Couldn't you just block the overflow outlet in the sump until it a achieves the proper water level in the overflow box? That's what I do when it doesn't start right. Plus, it fixes the level immediately, instead of waiting for it to equalize...
 
I'm thinking of go this route on a 120 with dual overflow. I've seen where the two drains are left independent and one return is used for the emergency. The second return can be used for return or plugged and bring returns over the back. I'm not crazy about the over the back idea, but the second return could be used for a closed loop inlet...
 
I was, and continue to be, ecstatic about how quiet and smooth it made my overflow and sump. World of difference...

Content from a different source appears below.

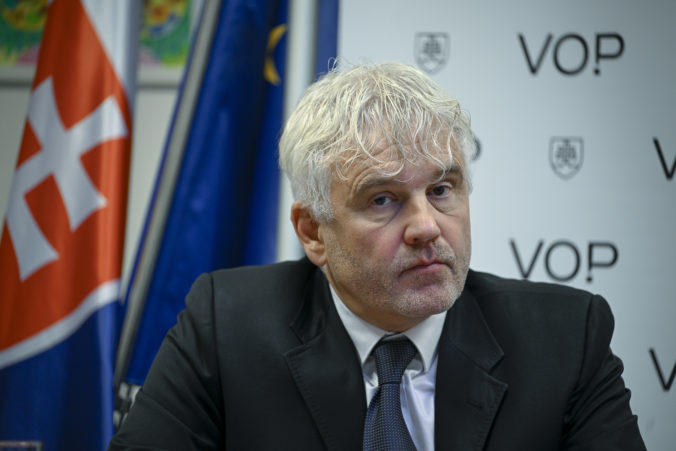 Komisár pre deti nesúhlasí so zámerom Huliaka zriaďovať štátne kasína, kroky ministra považuje za deštrukčné voči mladým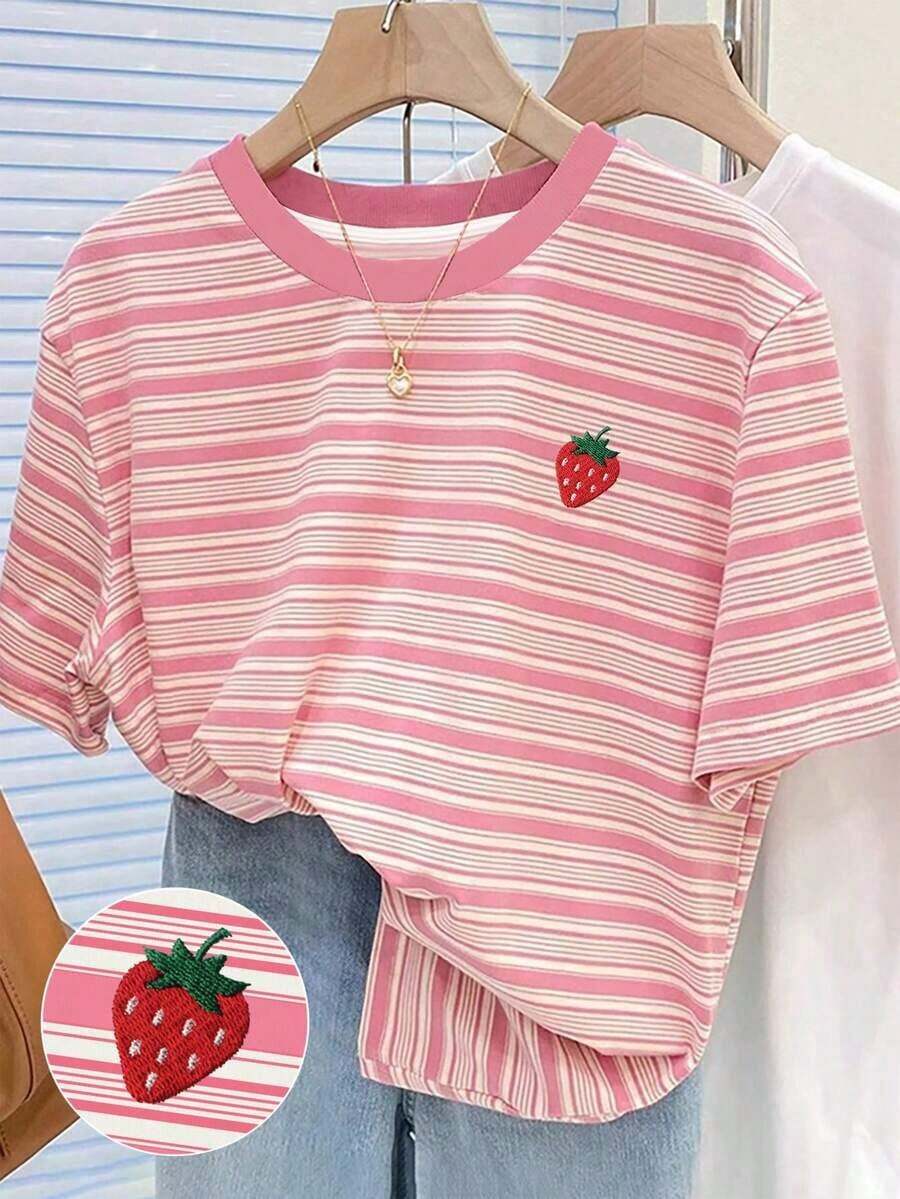 Camiseta de cuello redondo regular con estampado digital a rayas de colores y bordado de fresa - Multicolor 3 - Ver 1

Where does the water enter your sump?

I have overflow pipes dumping into sump now(submerged) and the bubbles make a lot of salt spray in the sump area. My plan would be to fill the first chamber with rubble rock. I was thinking of drilling the side of the sump and having the overflows enter the bottom of the first chamber.
 
Where does the water enter your sump?

I have overflow pipes dumping into sump now(submerged) and the bubbles make a lot of salt spray in the sump area. My plan would be to fill the first chamber with rubble rock. I was thinking of drilling the side of the sump and having the overflows enter the bottom of the first chamber.

Do you have a herbie style overflow? Sounds more like a durso. If you have a siphon, there will be no air entering your standpipe, and in result, no bubbles in the sump. If you do have a durso, sounds like too much water in the emergency overflow, which has no siphon, so lots of air. If so, open your gate valve a bit.
 
My current tank is DIY drilled 80. It has two turned up elbows for overflows. Lots of bubbles and noise!

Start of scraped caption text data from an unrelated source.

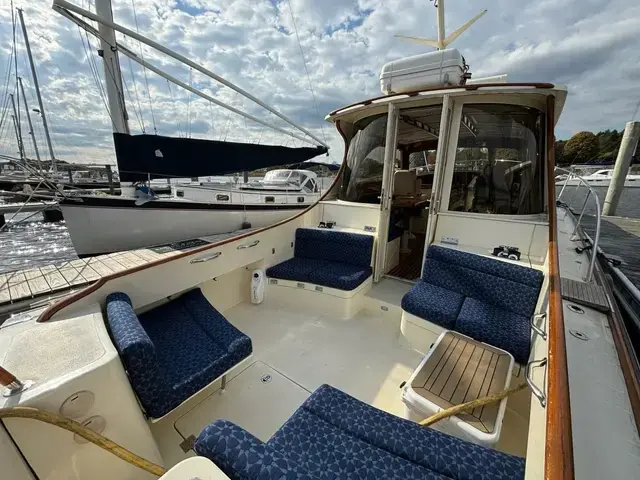 Hinckley Talaria 44 Motor Yacht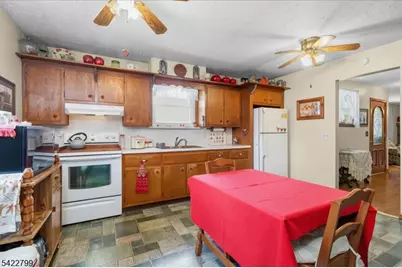 720 County Rd 519, Wantage, NJ 07461 - Photo 20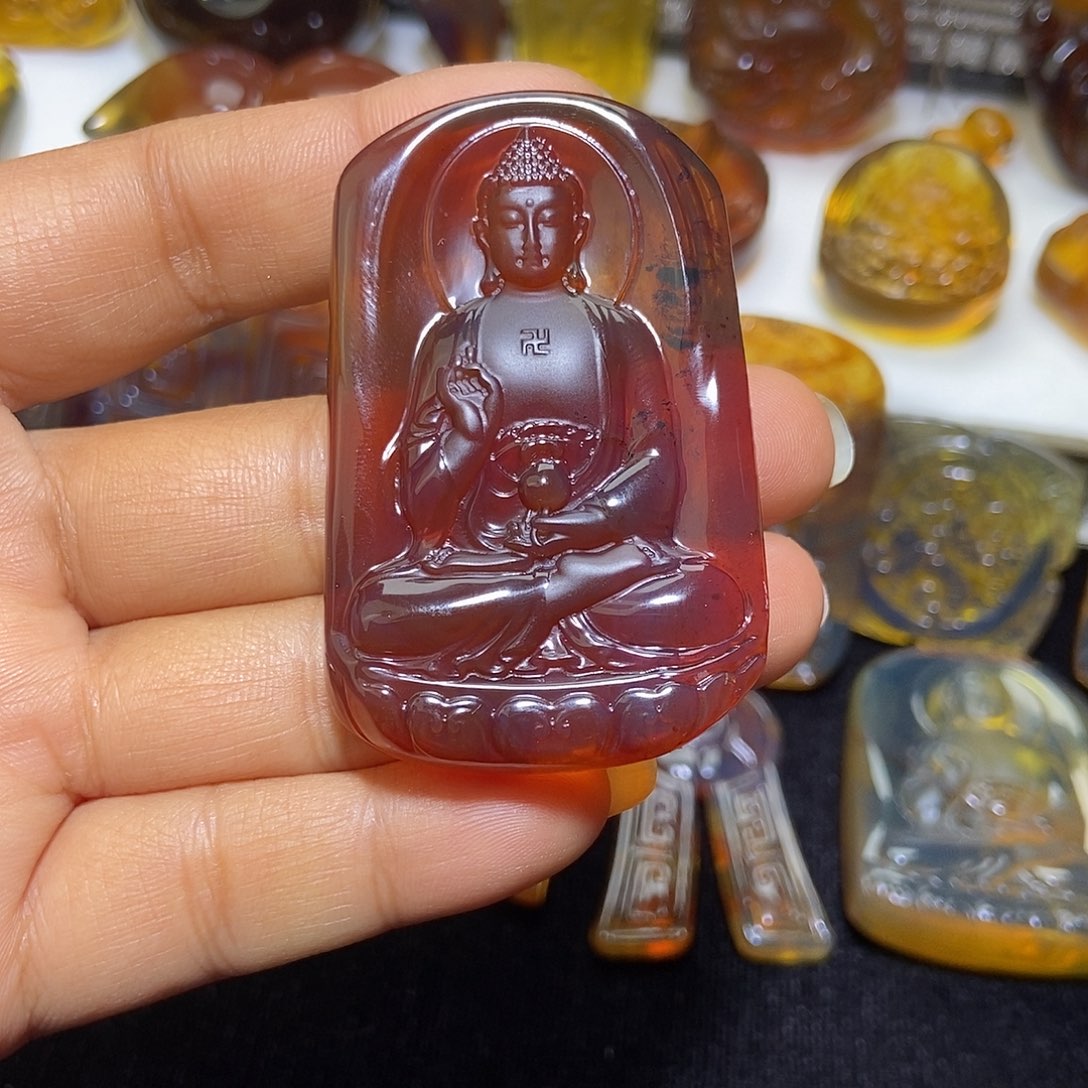 琥珀未镶嵌颈饰缅甸天然琥珀吊坠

Next week I'm getting an AGA 120 to start building up. It has the factory durso setup and I'm contemplating how to plumb it.
 
Couldn't you just block the overflow outlet in the sump until it a achieves the proper water level in the overflow box? That's what I do when it doesn't start right. Plus, it fixes the level immediately, instead of waiting for it to equalize...
Yeah, I could probably do that but my sump is outside and I'm lazy!
 
My current tank is DIY drilled 80. It has two turned up elbows for overflows. Lots of bubbles and noise!

Next week I'm getting an AGA 120 to start building up. It has the factory durso setup and I'm contemplating how to plumb it.

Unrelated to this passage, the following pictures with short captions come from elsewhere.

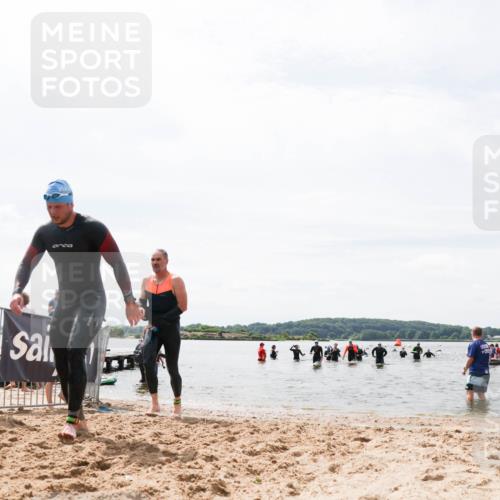 21.06.2026 - Viking Triathlon Michael Strokosch http://msf.ph/oto/9827497 21.06.2026 10:45:44 Schwimmen 54, 540, 562 meine-sportfotos.de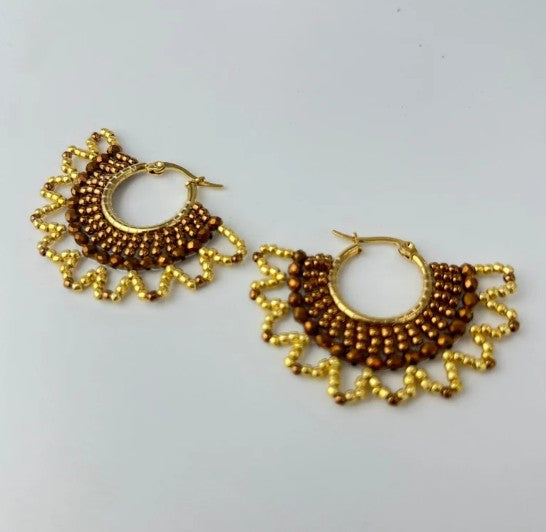 CANDONGA TEJIDA CAFE-BORDE DORADO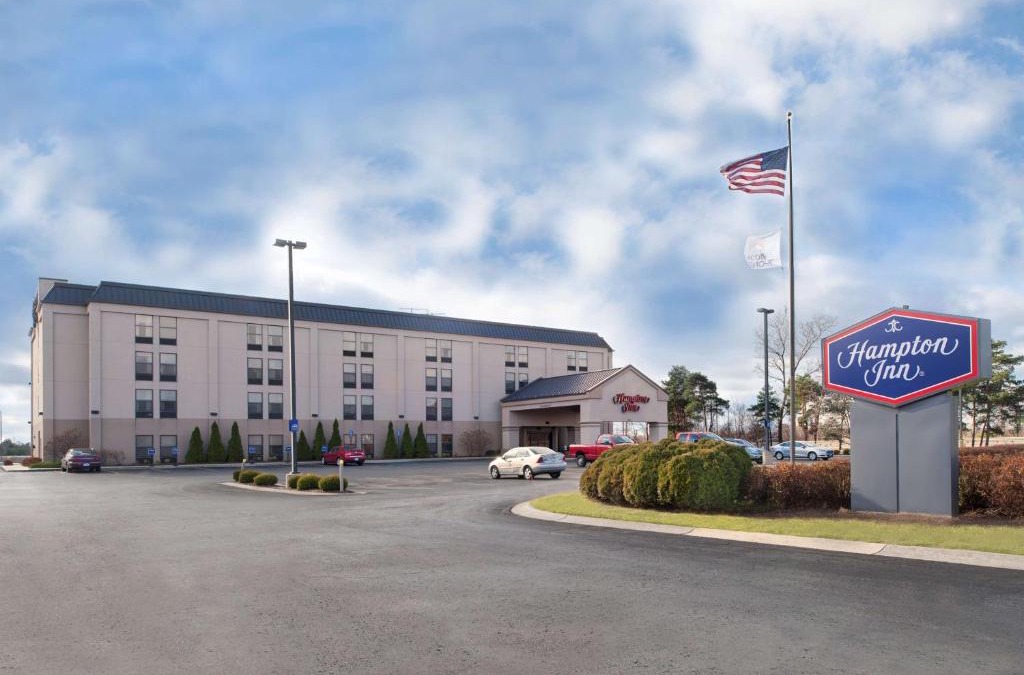 Norton Shores Hotel | Hampton Inn Muskegon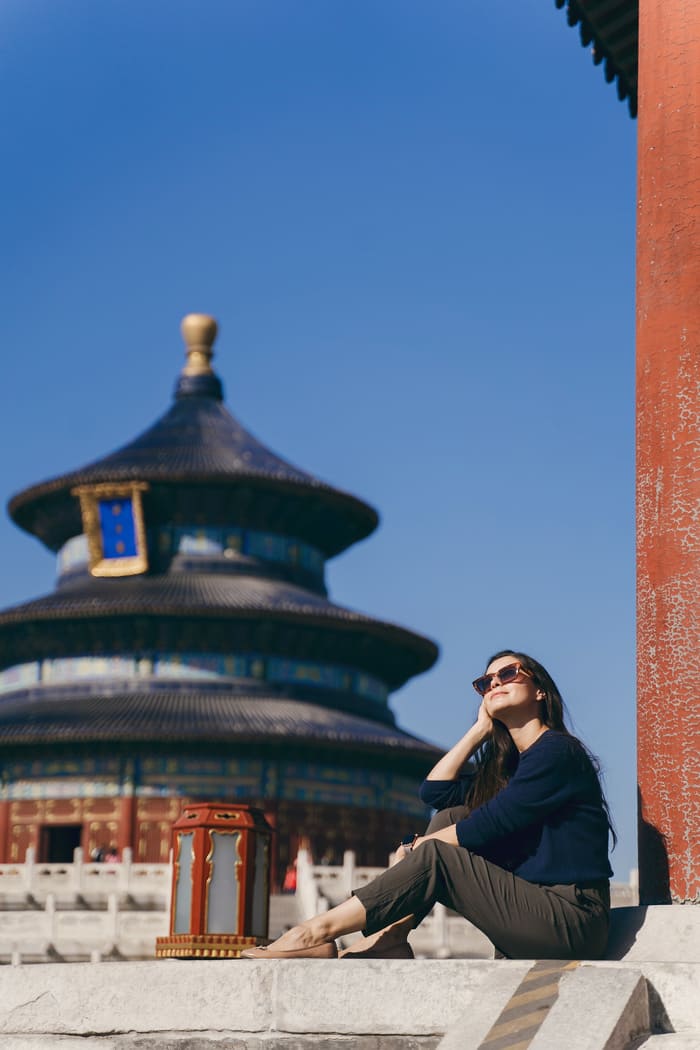 foto de una chica posandn en Beijing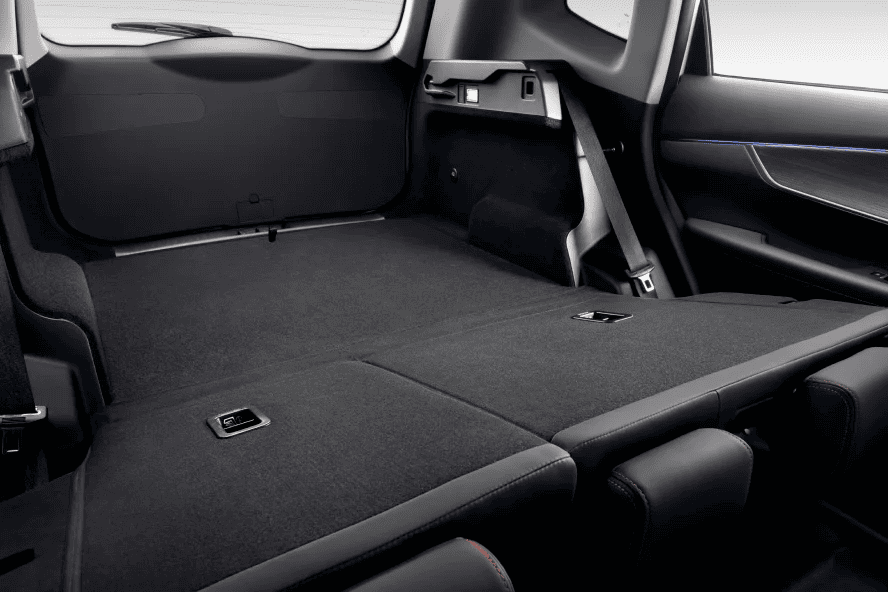 Интерьер/салон нового автомобиля Xcite X-Cross 7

Now that'll be easy. Chop one durso in half, put a gate valve on it close to the sump. Voila, instant herbie! That is, if it has a single cover with dual overflows...
 
Where does the water enter your sump?

I have overflow pipes dumping into sump now(submerged) and the bubbles make a lot of salt spray in the sump area. My plan would be to fill the first chamber with rubble rock. I was thinking of drilling the side of the sump and having the overflows enter the bottom of the first chamber.
With a herbie or beananimal style overflow the depth of the pipe in the sump makes a big difference in the flow rate, mine enters the sump about 1 inch below the surface of the water. If the filter sock gets plugged up then the overflows on the tank start backing up.
 
With a herbie or beananimal style overflow the depth of the pipe in the sump makes a big difference in the flow rate, mine enters the sump about 1 inch below the surface of the water. If the filter sock gets plugged up then the overflows on the tank start backing up.

I noticed that problem at first too so I opted to not run a filter sock.
 
Nice job on the plumbing dude. Don't be shocked if my manifold looks like its related to yours. How would you had done it if you had dual overflows?

Hahah... Thanks. Not sure if I'm qualified to answer your question since I do not have any experience applying the herbie to dual overflows. It would seem to me that doing it on dual overflows is harder to adjust unless you combine the siphon in each overflow into one gate valve. Maybe someone with more experience can chime in.

You don't want to run your returns behind the tank?
 
I noticed that problem at first too so I opted to not run a filter sock.
That is a viable option, I am in the process of changing my sump around a little to have my over flow dump into one tank and then have that dump into my sump. I will have a filter sock on the sump side, I like the mechanical filtration of a filter sock so it is hard to give that up.